→ **EXERCISE BRIEF**
Give back exactly the lines from the one holding "1700VDC True RMS" to the bottom of the material, both included, and nothing more. No pictures.

→ **RECORDS SHOWN**
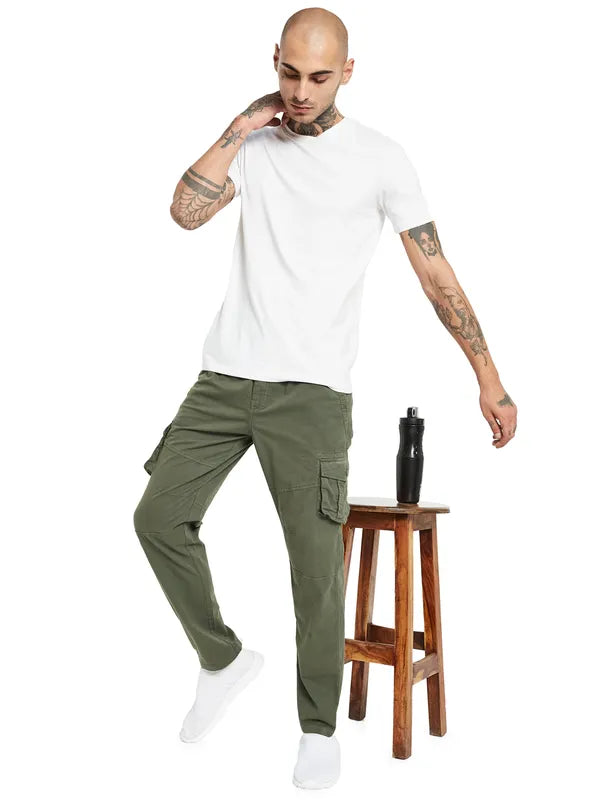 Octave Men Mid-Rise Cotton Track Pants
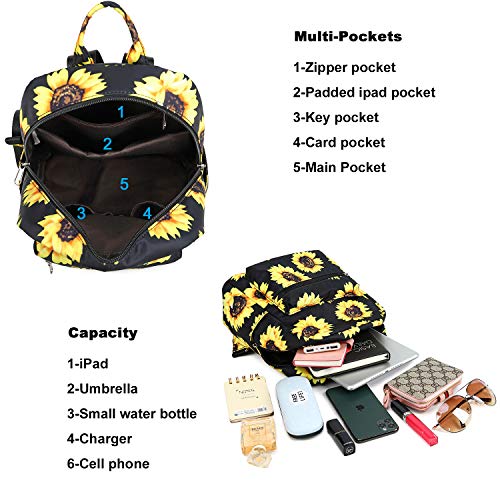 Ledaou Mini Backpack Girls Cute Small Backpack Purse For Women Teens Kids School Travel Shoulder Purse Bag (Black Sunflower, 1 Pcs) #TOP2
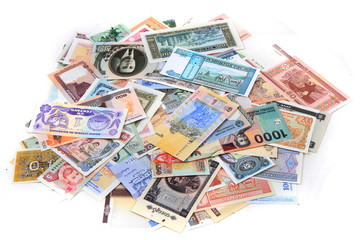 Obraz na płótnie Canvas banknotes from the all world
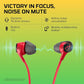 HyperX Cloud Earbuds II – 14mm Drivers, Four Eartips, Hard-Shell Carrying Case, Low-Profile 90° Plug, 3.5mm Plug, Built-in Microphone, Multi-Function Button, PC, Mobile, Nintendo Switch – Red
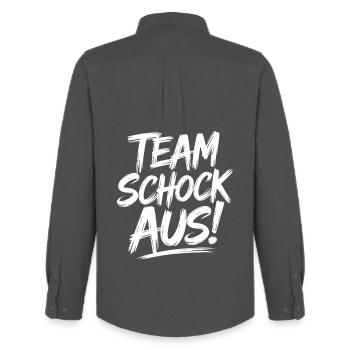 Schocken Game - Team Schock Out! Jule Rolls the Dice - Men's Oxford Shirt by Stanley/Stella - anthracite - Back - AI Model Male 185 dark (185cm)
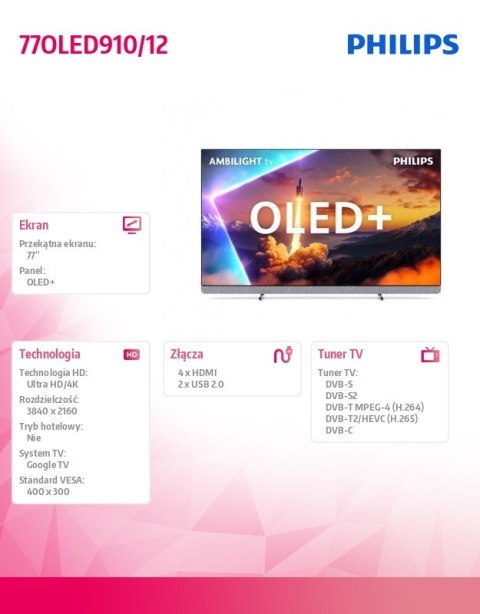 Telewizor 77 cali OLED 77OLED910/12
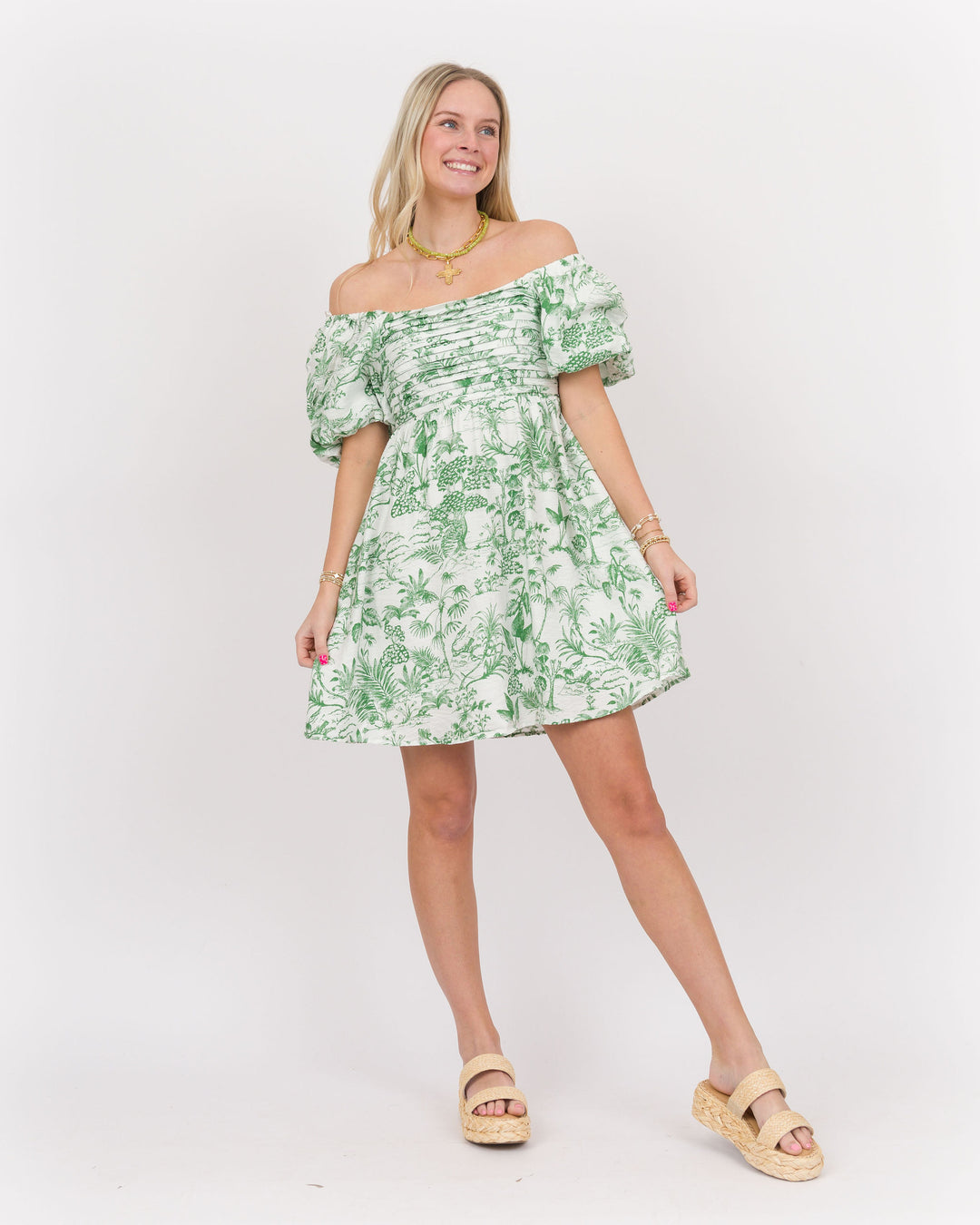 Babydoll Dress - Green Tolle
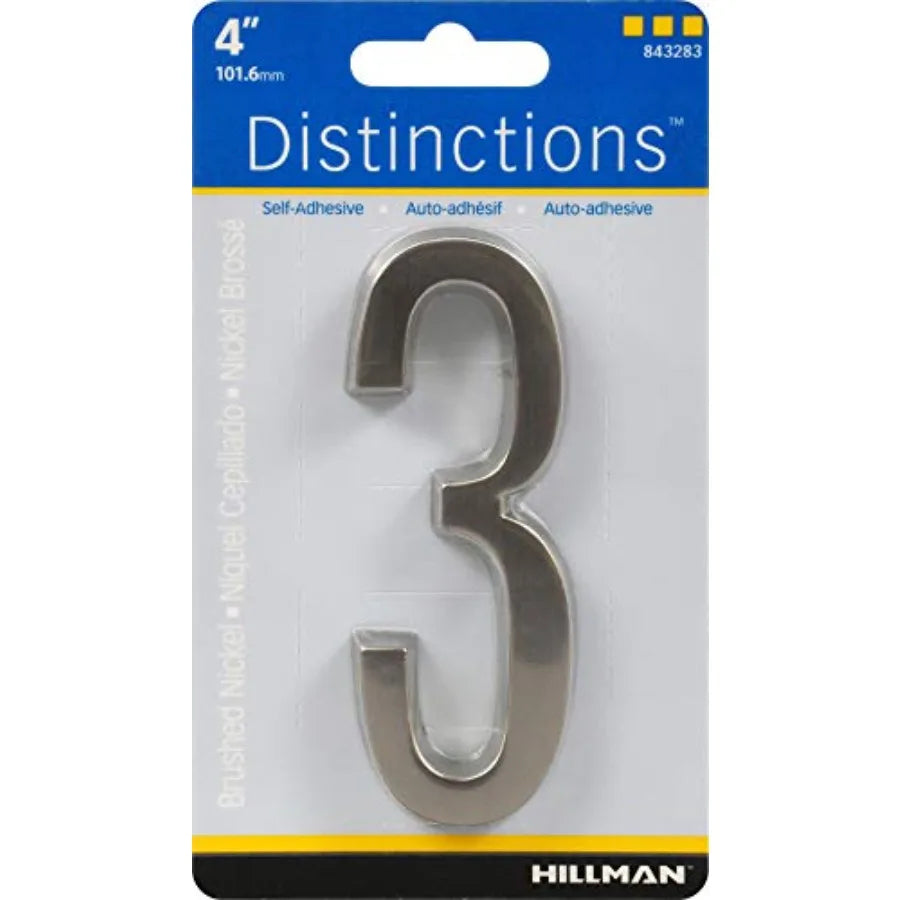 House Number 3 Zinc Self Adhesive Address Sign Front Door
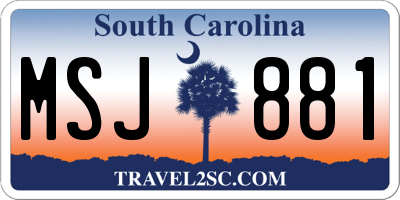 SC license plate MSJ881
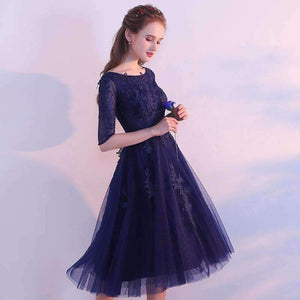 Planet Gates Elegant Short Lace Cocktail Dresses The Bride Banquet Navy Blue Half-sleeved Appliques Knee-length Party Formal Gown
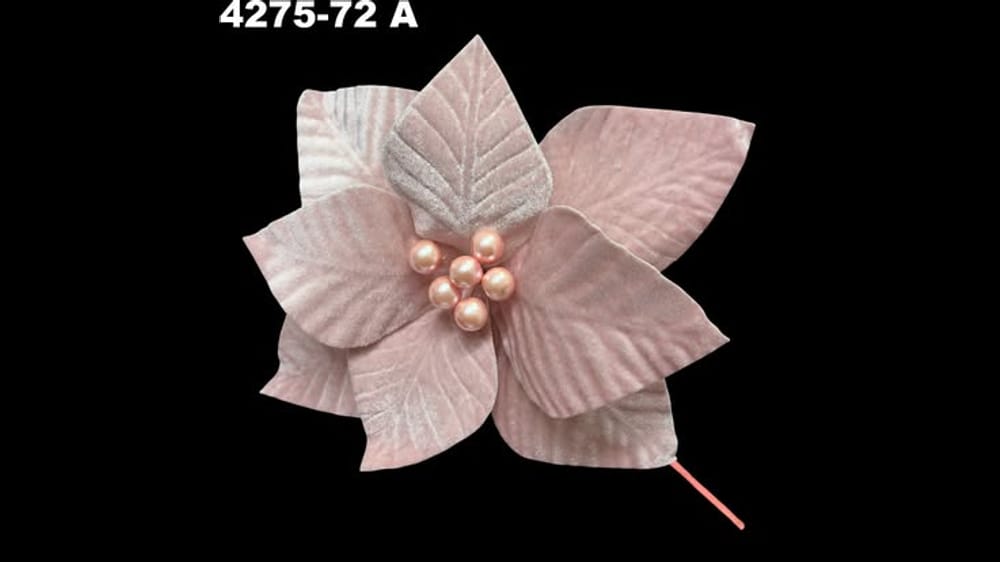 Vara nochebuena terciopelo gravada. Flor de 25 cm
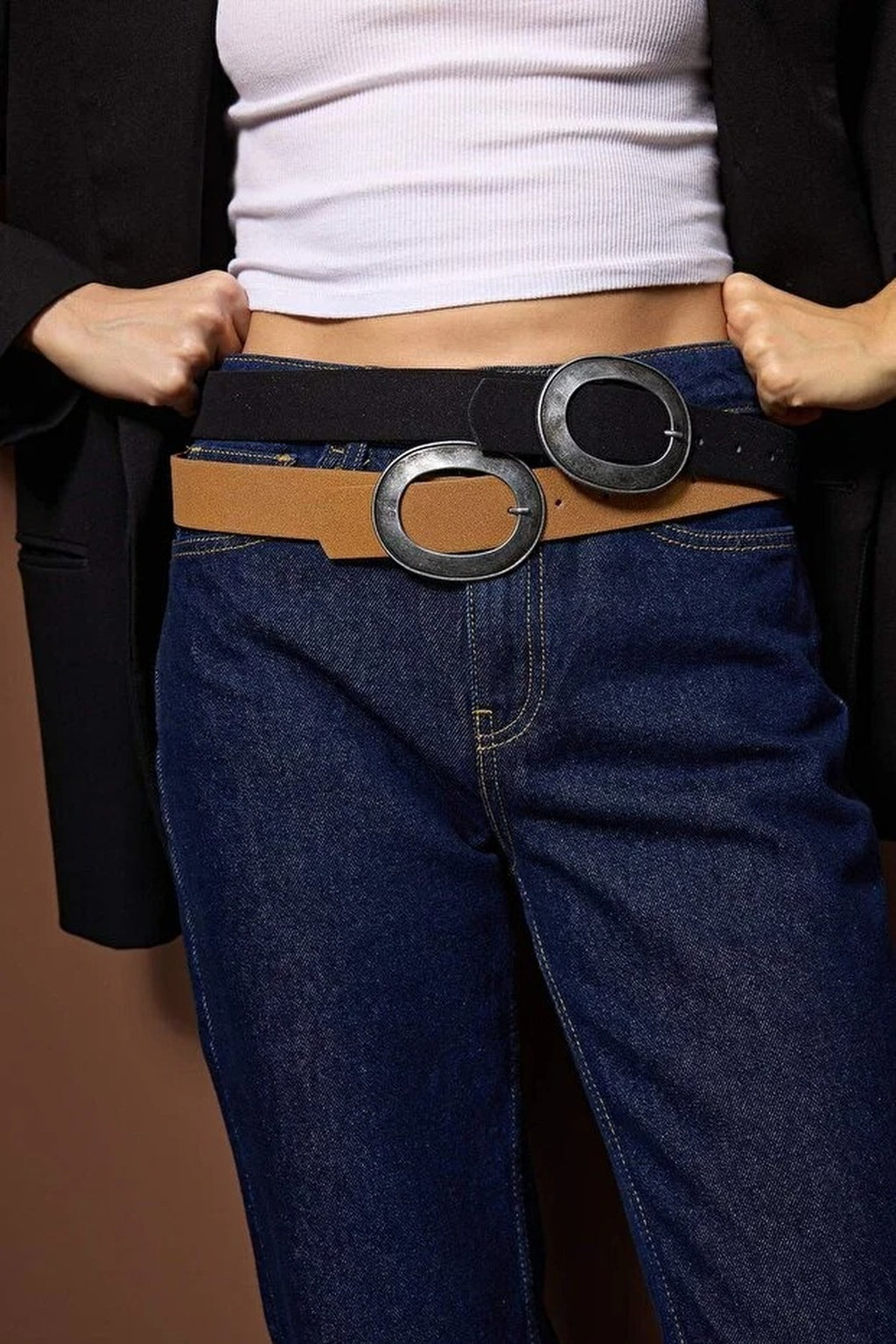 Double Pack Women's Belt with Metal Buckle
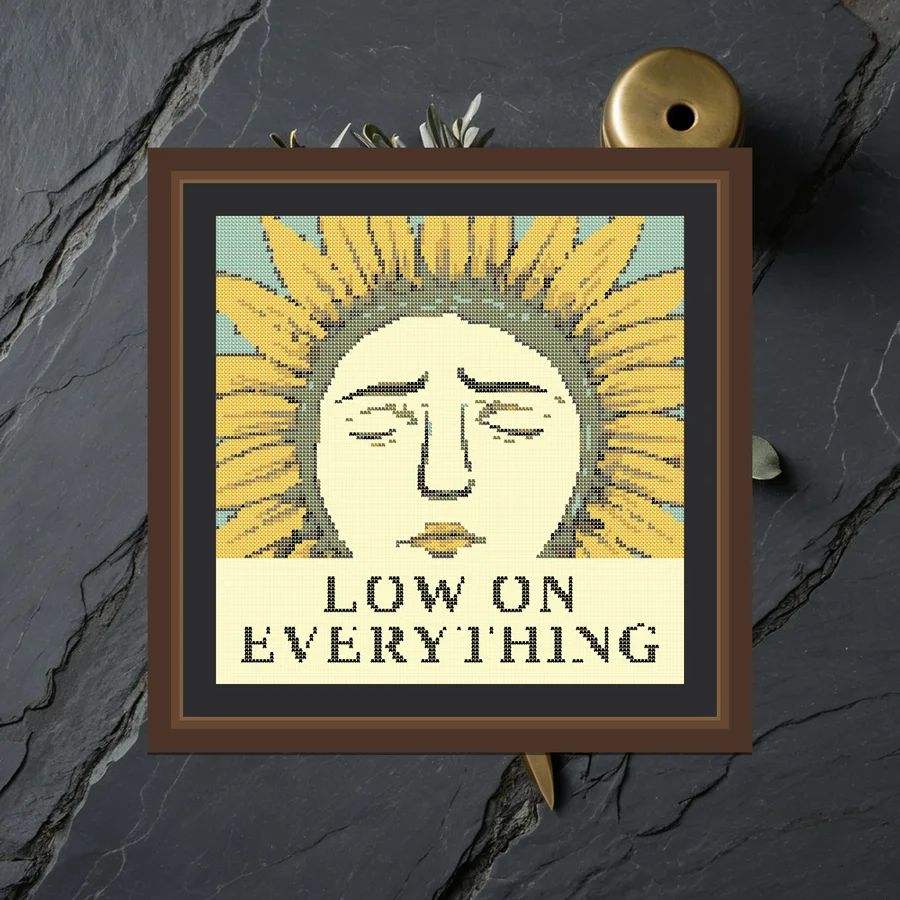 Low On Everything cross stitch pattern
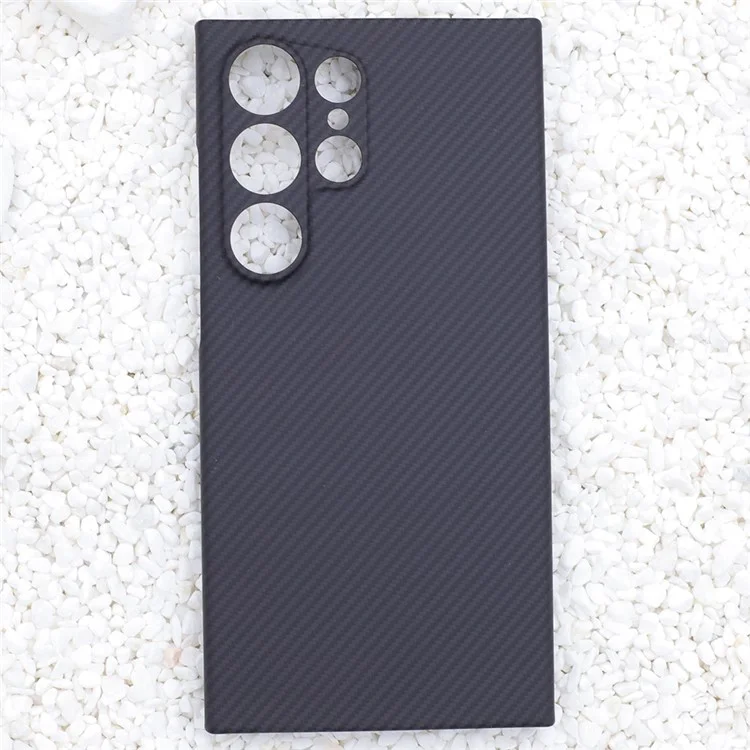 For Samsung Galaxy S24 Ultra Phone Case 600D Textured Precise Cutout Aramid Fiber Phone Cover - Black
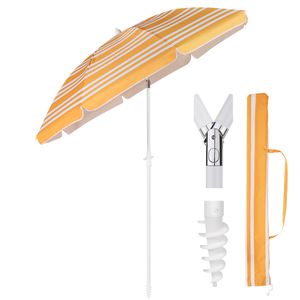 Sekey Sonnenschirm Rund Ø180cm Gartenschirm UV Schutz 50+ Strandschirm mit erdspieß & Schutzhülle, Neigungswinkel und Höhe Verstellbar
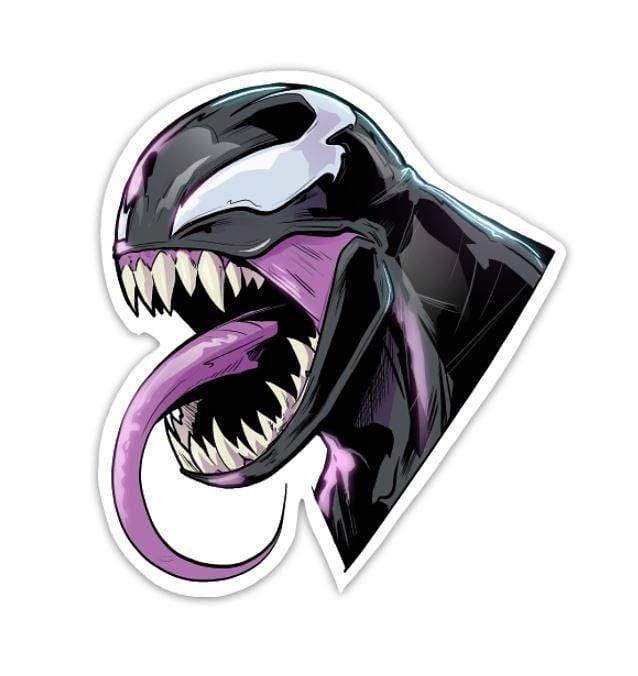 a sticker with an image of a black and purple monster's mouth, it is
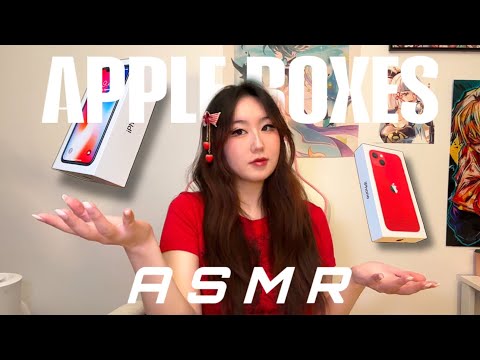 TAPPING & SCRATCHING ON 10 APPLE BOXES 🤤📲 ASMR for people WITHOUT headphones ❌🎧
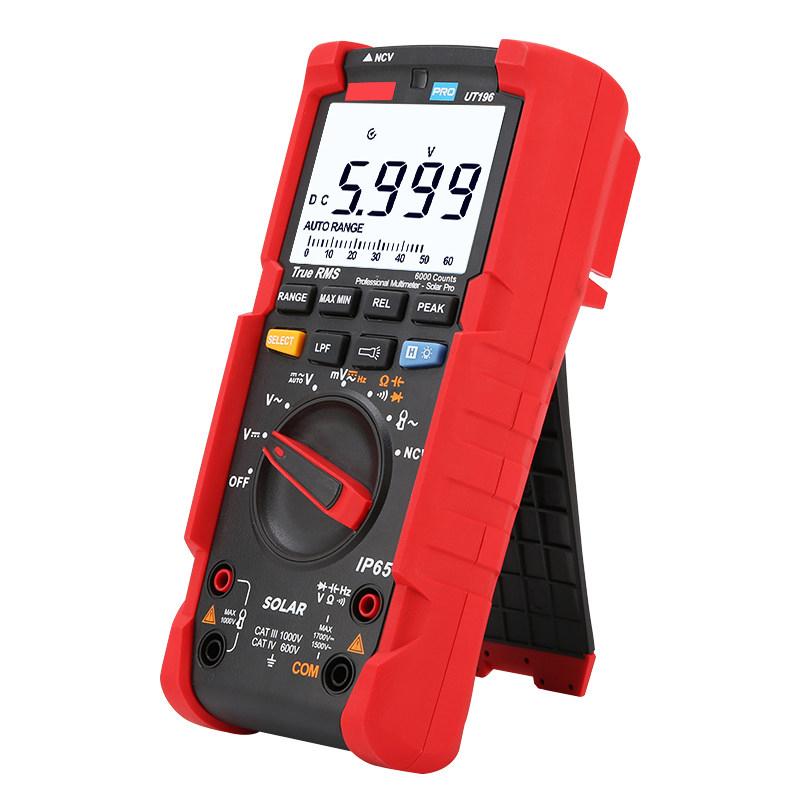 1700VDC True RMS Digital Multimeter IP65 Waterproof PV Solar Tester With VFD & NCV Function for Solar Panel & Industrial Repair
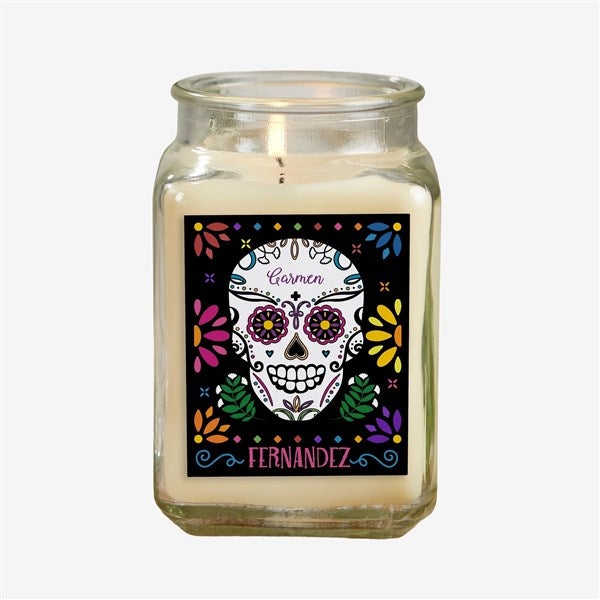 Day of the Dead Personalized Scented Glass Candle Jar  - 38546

→ **YOUR RESPONSE**
 1700VDC True RMS Digital Multimeter IP65 Waterproof PV Solar Tester With VFD & NCV Function for Solar Panel & Industrial Repair
 Day of the Dead Personalized Scented Glass Candle Jar  - 38546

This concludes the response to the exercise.